WORK INSTRUCTION:
Set down every record below exactly as it stands, with the pictures omitted.

Items from a dataset
··········
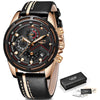 LIGE Watch Men Sport Quartz Clock Leather Mens Watches Top Brand Luxury Gold Waterproof Business Watch eprolo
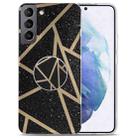 For Samsung Galaxy S22 5G IMD Marble TPU Phone Case with Folding Holder(Black) - 1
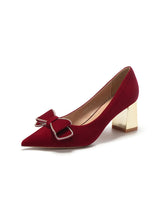 Thick Bow Red Wedding Shoes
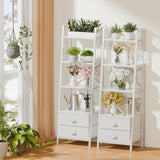 Furologee 4-Tier Ladder Shelf,Small Bookshelf with 2 Drawers,Vertical Bookcase Storage Rack Organizer,Display Bookshelves for Living Room,Bedroom,Bathroom,Home Office,Kitchen,White Furologee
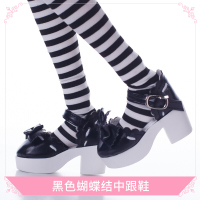 多丽丝凯蒂娃娃鞋子60厘米BJD娃娃换装皮鞋3分体SD娃娃定制高跟鞋 黑色蝴蝶结中跟鞋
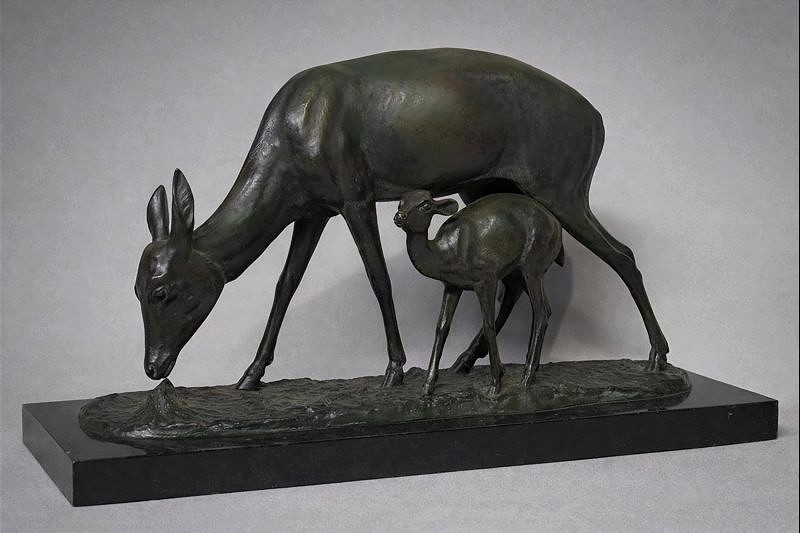 Bronze Ir&eacute;n&eacute;e Rochard (1906/1984) art d&eacute;co la biche et son faon salon 1946-photo-4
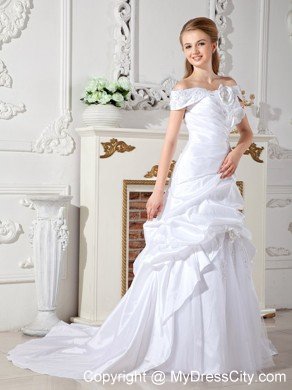 Elegant Off The Shoulder Court Train Hand Flowers Wedding Dress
··········
TASK ANSWER:
 LIGE Watch Men Sport Quartz Clock Leather Mens Watches Top Brand Luxury Gold Waterproof Business Watch eprolo
 For Samsung Galaxy S22 5G IMD Marble TPU Phone Case with Folding Holder(Black) - 1
 Thick Bow Red Wedding Shoes
 Furologee 4-Tier Ladder Shelf,Small Bookshelf with 2 Drawers,Vertical Bookcase Storage Rack Organizer,Display Bookshelves for Living Room,Bedroom,Bathroom,Home Office,Kitchen,White Furologee
 多丽丝凯蒂娃娃鞋子60厘米BJD娃娃换装皮鞋3分体SD娃娃定制高跟鞋 黑色蝴蝶结中跟鞋
 Bronze Ir&eacute;n&eacute;e Rochard (1906/1984) art d&eacute;co la biche et son faon salon 1946-photo-4
 Elegant Off The Shoulder Court Train Hand Flowers Wedding Dress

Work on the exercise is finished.